Task input -
++++

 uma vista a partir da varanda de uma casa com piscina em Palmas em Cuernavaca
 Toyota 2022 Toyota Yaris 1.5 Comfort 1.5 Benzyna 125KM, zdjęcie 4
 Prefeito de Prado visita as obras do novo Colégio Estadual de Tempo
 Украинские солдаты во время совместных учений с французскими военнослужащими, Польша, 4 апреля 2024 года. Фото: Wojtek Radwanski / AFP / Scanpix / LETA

++++

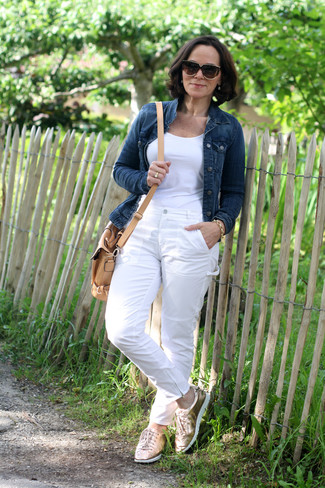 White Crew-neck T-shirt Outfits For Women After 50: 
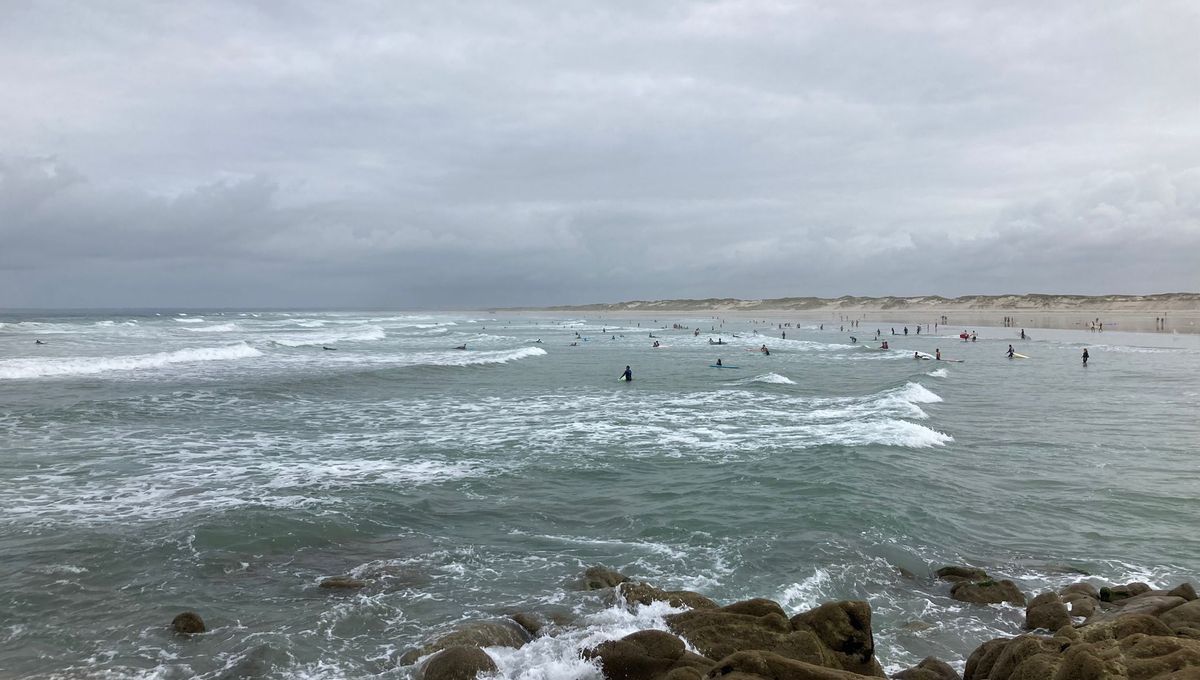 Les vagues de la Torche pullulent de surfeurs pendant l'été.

++++

Your assignment - Look above for the line with "White Crew-neck T-shirt" and the line with "Les vagues de". Output those two and everything between them exactly, pictures excluded.

Response box -
 White Crew-neck T-shirt Outfits For Women After 50: 
 Les vagues de la Torche pullulent de surfeurs pendant l'été.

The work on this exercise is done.